Врачи один за другим ушли. И когда Мария Сергеевна собралась тоже идти мыться и одеваться, Меньшенин сказал ей:
— Задержитесь, прошу вас…
Она остановилась и потом медленно, держа руки в карманах халата, подошла к столу, за которым он сидел.
Под белым колпаком угадывался его могучий голый череп. Он опирался лбом на руки, словно закрывал глаза от света.
— То, что нам с вами предстоит, вряд ли принесет вам удовлетворение, — сказал он.

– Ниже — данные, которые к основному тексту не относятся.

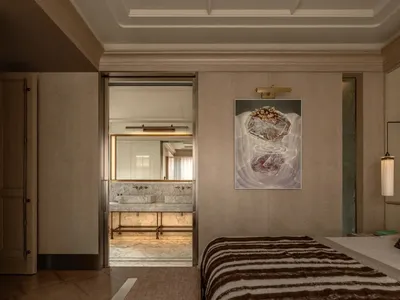 A well-lit bedroom with a bed, chair, and painting, featuring wood and fabric materials, creating a warm and inviting atmosphere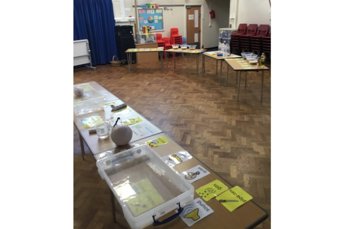 A school hall with tables of activity equipment and Makaton symbols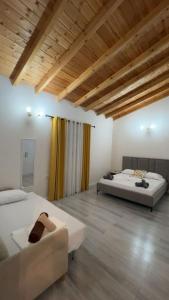 two beds in a large room with wooden ceilings at apartment Himara SkyView in Himare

У нее екнуло сердце. Меньшенин успокоил ее:
— Мне тоже. Но я — другое дело. И мне некуда деваться. А вы… вы решайте сами. — Она молчала, не зная, что ответить ему, а он продолжал: — И все же надо, чтобы вы знали: я хочу вашего участия.
Говорил он это требовательно и сердито, почти зло. Она поняла: этой резкостью он позволяет и ей быть резкой и решительной. Сейчас он не знает, как заставить ее быть откровенной с ним в той же степени, что и он, и, может быть, страдает от этого. В одно это мгновение Мария Сергеевна поняла очень многое — она поняла, почему ему нужна она, поняла, что при всей своей мощи хирург, в общем-то, беззащитен и легко раним, и ему, с его опытом, умом, титулом, сложно и трудно жить, и поняла, что он привык, чтобы его не понимали те, кто послабее, завидовали, боялись — все, что угодно, только не относились к нему как к равному. А он только этого и хотел от людей.